I’ve often thought the three of us make a fine family together, and I’ve only rarely yearned for another child despite the fact that I live plunk the middle of a culture that values and encourages large families.
But as I approach my 44th birthday, I realize I’ve got a lot to sort through. Should I have fought my ambivalence and worked harder to have more children? Have I just been lazy and selfish? Aaagh, all of the regret and guilt tied up in that line of thinking!
Or has my ambivalence really been a blessing in disguise—a coping mechanism of some sort? I may well have gone through one herculean effort after another and still ended up with one child. Maybe my ambivalence is a result of knowing deep down inside that I would never really have any control over how many children we have. If I didn’t really care too much, my heart wouldn't break.
Where I think this may lead to in the end is succumbing to Jack’s pleas for a dog. And let me tell you, that’s a big, big leap for me!
Friday, April 06, 2007
My personal opinion? I wish BYU would invite more high profile speakers with a wide range of political views. And I wish they hadn't invited such an ethically challenged person to speak at graduation. Commencement should be about the students who worked hard to earn their degrees and who are going out into the world, not about the speaker.
Monday, April 02, 2007
Favorite recent Jack quote: "All of my favorite things are having a party in my heart."
Last out-of-town trip: A weekend with Roger and Jack in Moab a few weeks ago. We had fabulous weather and found two fun trails we've never been on.
Current exercise routine: I've become a complete yoga convert, and I'm trying to work up to running three miles in time for a 5k run at the end of May. Spring is here so that also means tennis!
Most persistent food craving: Pancakes made with a little bit of lemon juice and sugar.
Most dreadful thing hanging over my head: Getting our taxes done. I've got to focus on some data entry for the bookstore to bring the books up to date. I just don't want to do it!
Current volunteer projects: (1) Finishing up the last bit of work getting all of the books entered in the computer at Jack's school library and (2) Curating an art exhibit of original children's book illustrations at the Springville Museum of Art in 2008.
Current potential income producing projects: (1) Writing a proposal for a non-fiction book that will hopefully get the attention of a good agent and subsequently a good publisher, and (2) Getting inventory left from our bookstore listed online to sell.

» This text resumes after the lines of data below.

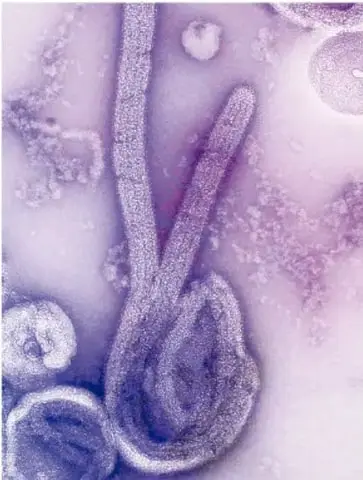 Microfotografía de color morado/violeta que muestra estructuras microscópicas alargadas y curvadas, posiblemente microorganismos o esporas, sobre un fondo claro teñido.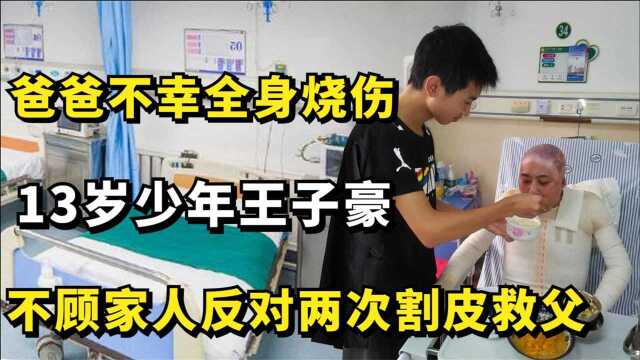 13岁少年王子豪,爸爸不幸全身烧伤,不顾家人反对两次割皮救父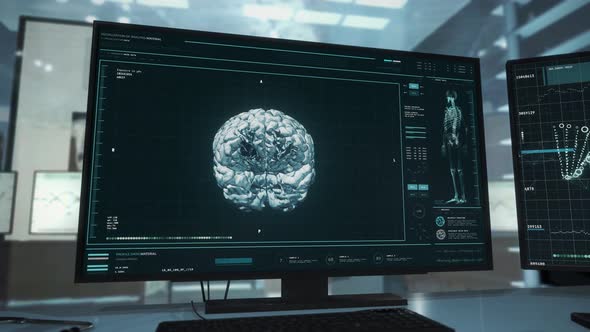 Human Patient Head Skull Scan By Advanced X-ray Screening Software Interface alt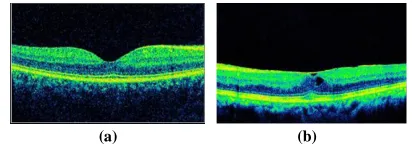 Figure 4. (a) Gray scale of normal image. (b) DME affected images. 
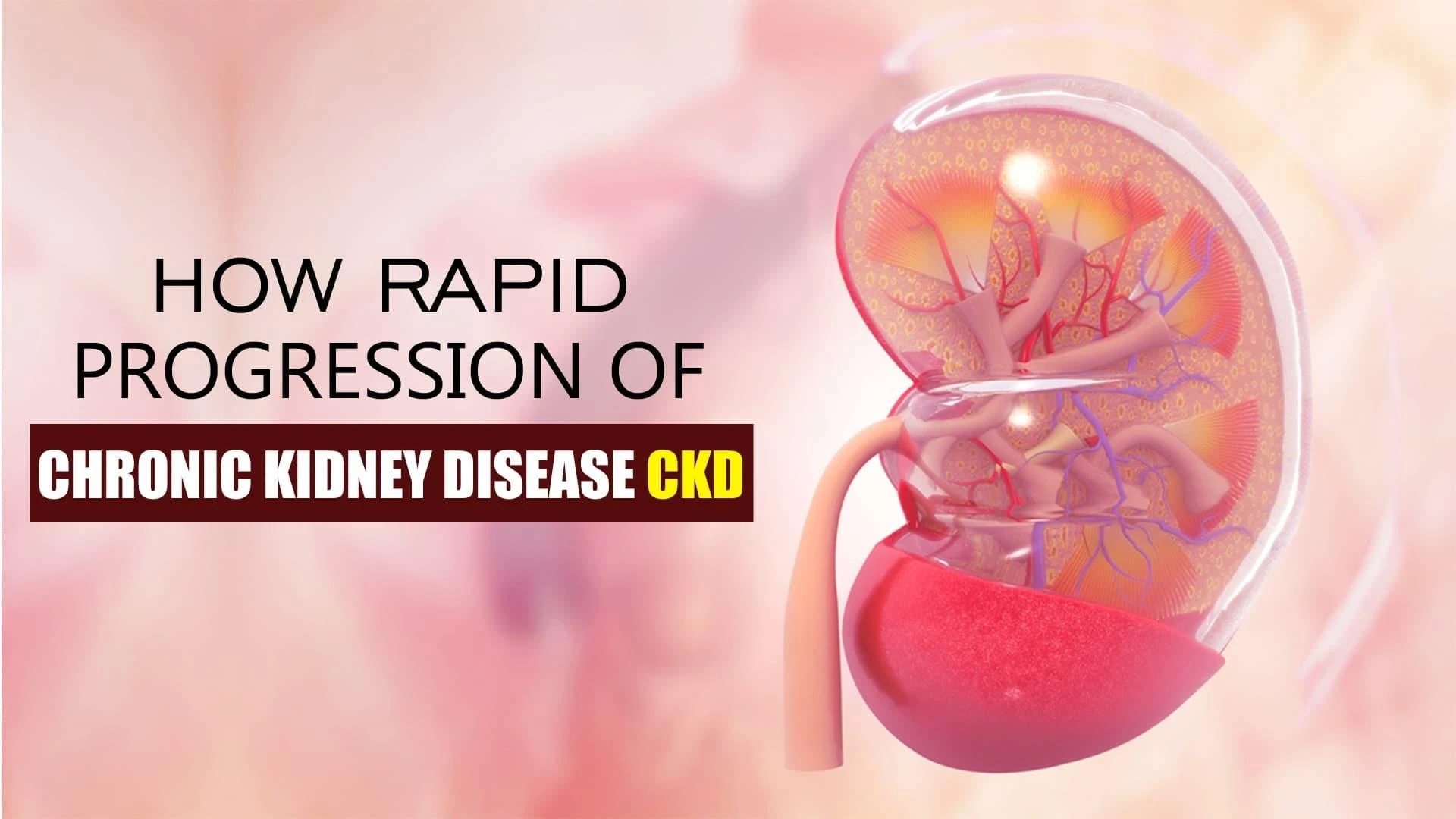 How Rapid Progression of Chronic Kidney Disease CKD?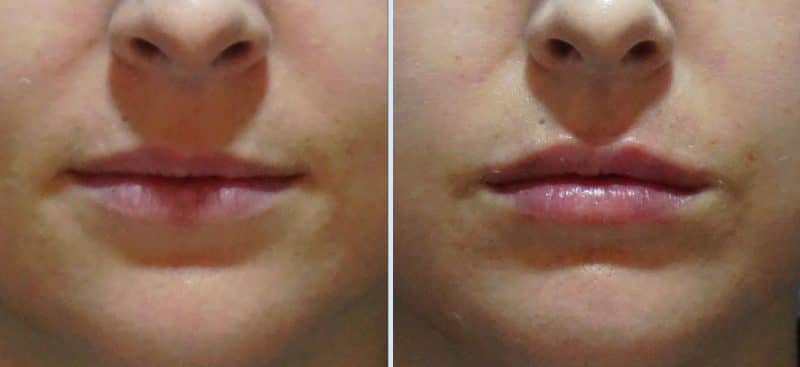 Fill’er Up: Lip Fillers at MH Clinic, Seoul with Eunogo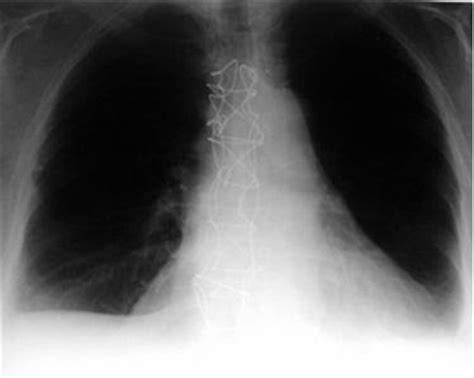 Sternum Wires & Heart Surgery - Sternal Wires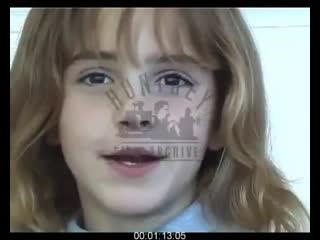 Bts emma watson getting her fake teeth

Current job at church: Primary secretary (Primary is our Sunday School program for kids up to the age of 12).
Books I'm reading: Too many to list here. Seriously, I've got at least 30 books stacked near my bed. As a bookstore owner, I developed a bad habit of starting a new book before I've finished the last one and I haven't shaken the habit yet. But the book I've most recently had my nose in is Broken for You by Stephanie Kallos. I like it. And I'm planning to finish it before I read anything else.
Thing I'm most looking forward to: Leaves coming out. I am so, so ready for some green!